Dev Notes

LLM Evaluation Beyond Vibes

We have all been there: you tweak a prompt, run it three times, and declare it “better” based on gut feeling. Here is how to do better.

The Problem with Vibes

Manual spot-checking fails because:

  • LLM outputs are non-deterministic
  • You remember the good examples, forget the bad ones
  • Prompts that work for your test case break on edge cases
  • You cannot track improvements over time

Build an Eval Dataset

Start with 20-50 examples.
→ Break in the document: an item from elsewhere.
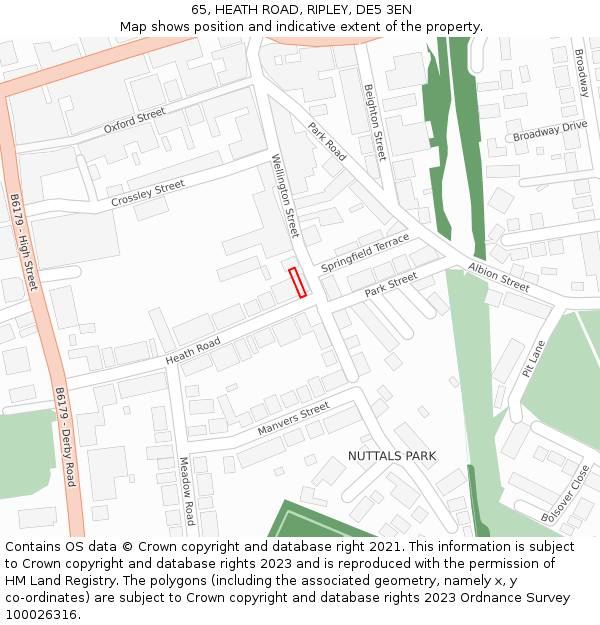 65, HEATH ROAD, RIPLEY, DE5 3EN: Location map and indicative extent of plot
Each needs:

{
  "input": "What is the capital of France?",
  "expected": "Paris",
  "tags": ["geography", "factual"]
}

For open-ended tasks, use rubrics instead of exact matches:

{
  "input": "Explain TCP vs UDP",
  "rubric": [
    "Mentions TCP is connection-oriented",
    "Mentions UDP is connectionless",
    "Gives a practical use case for each",
    "Does not contain factual errors"
  ]
}

Automated Scoring

Exact Match (for factual questions)

def score_exact(response: str, expected: str) -> float:
    return 1.0 if expected.lower() in response.lower() else 0.0

LLM-as-Judge (for open-ended)

def score_with_llm(response: str, rubric: list[str]) -> float:
    judge_prompt = f"""Score this response against each criterion.
Response: {response}

Criteria:
{chr(10).join(f"- {r}" for r in rubric)}

Return a JSON object with "scores" (list of 0 or 1) and "reasoning"."""

    result = call_llm(judge_prompt)
    return sum(result["scores"]) / len(result["scores"])

Semantic Similarity

from sentence_transformers import SentenceTransformer

model = SentenceTransformer("all-MiniLM-L6-v2")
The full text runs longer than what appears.